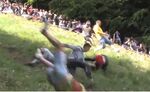 relates to American Hero Beats the British at Their Own Cheese-Rolling Game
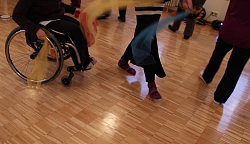 Eine Frau im Rollstuhl tanzt gemeinsam mit anderen Frauen mit Tüchern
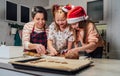 Cute little girls in red Santa hats with mother making homemade dough Christmas gingerbread cookies using cookie cutters together Royalty Free Stock Photo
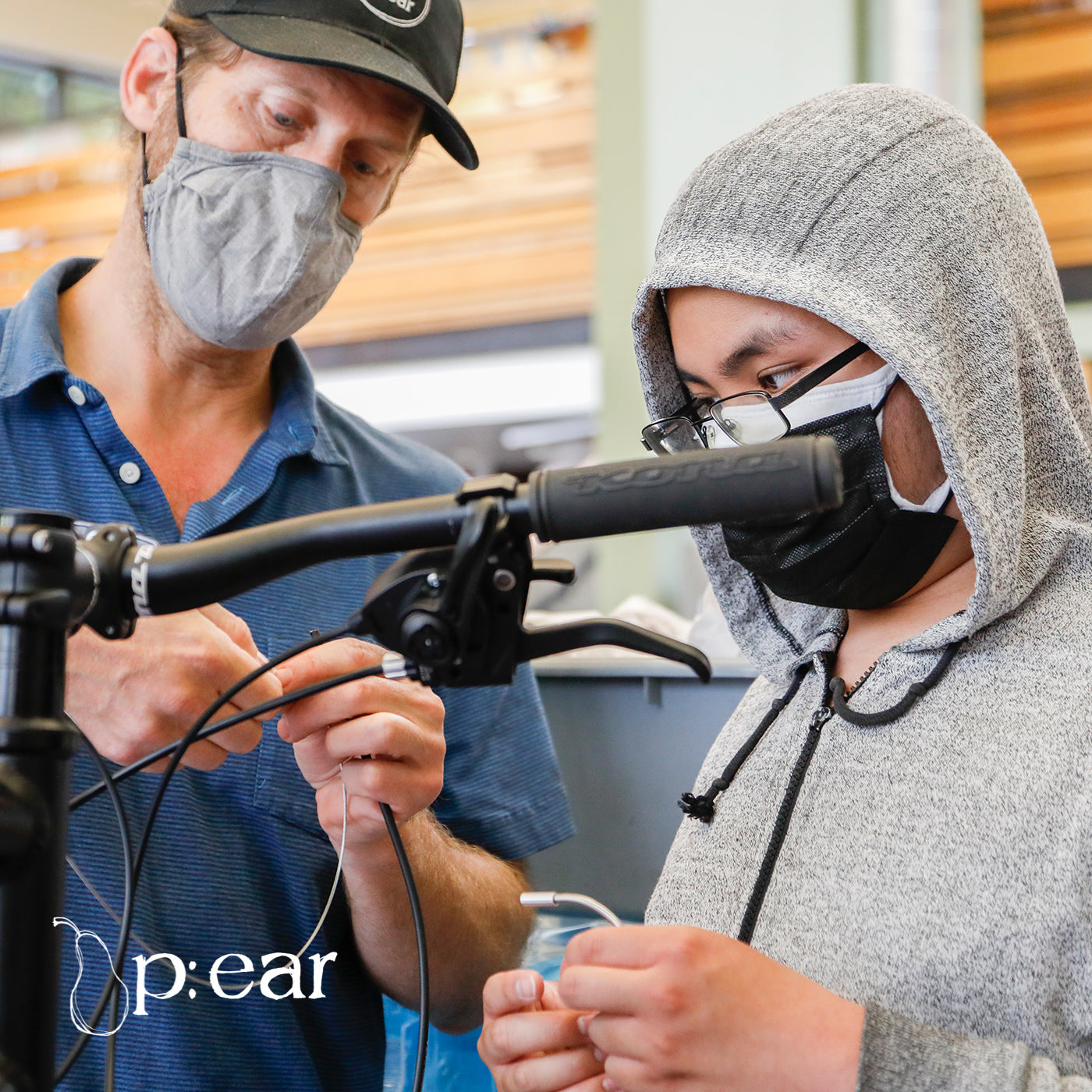 p:ear crew working on a bicycle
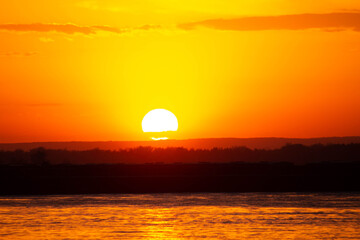 orange sunset by the water, the sun in the sky 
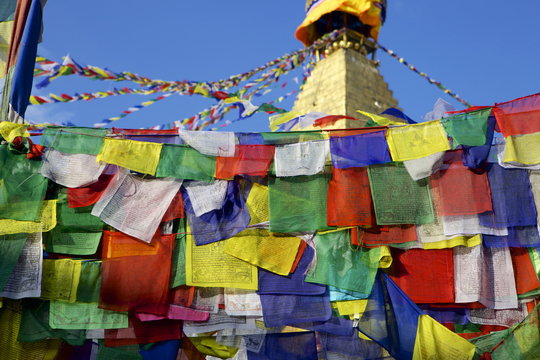 Prayer flags in front of Boudha (Bodhnath) (Boudhanath) Tibetan stupa in Kathmandu, Nepal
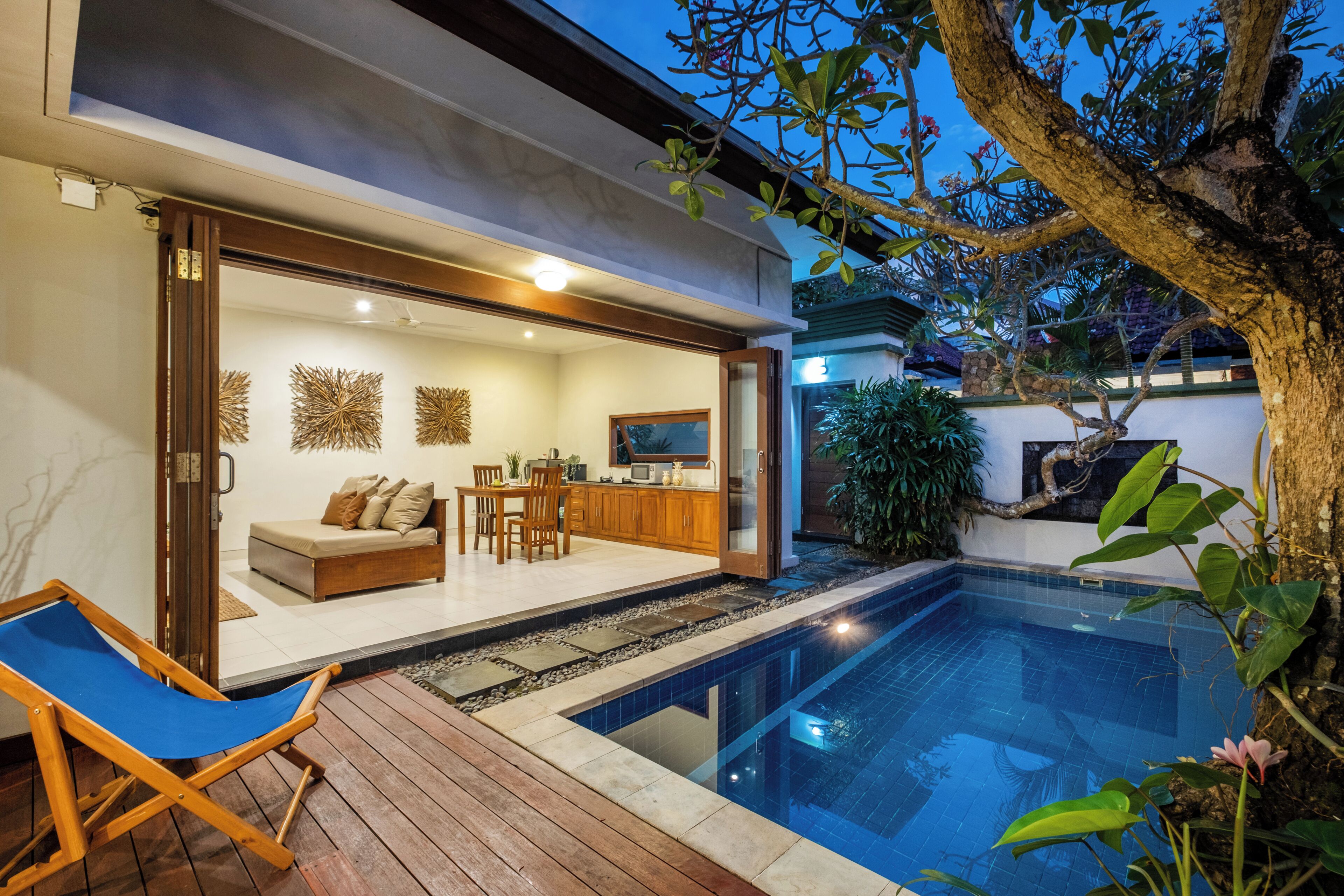 A modern house with a swimming pool, wooden deck, and a dining area.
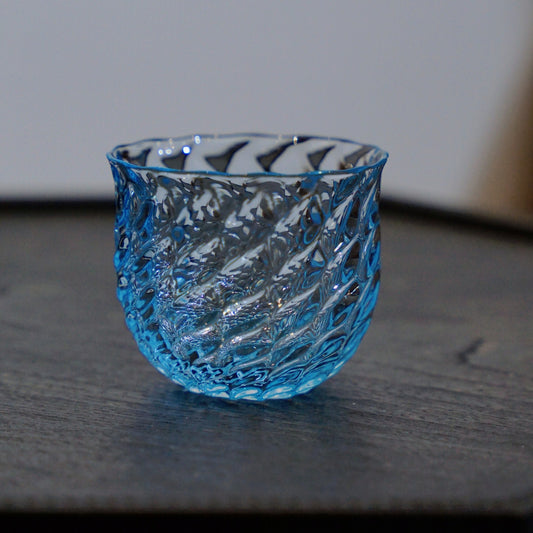 Bright blue glass tea cup with a deeply cut diamond-scale surface, on a dark table.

——

Each line from the one that contains "A modern house" to the end of the listing must be quoted exactly; no other line and no picture belongs in the copy.

 A modern house with a swimming pool, wooden deck, and a dining area.
 Bright blue glass tea cup with a deeply cut diamond-scale surface, on a dark table.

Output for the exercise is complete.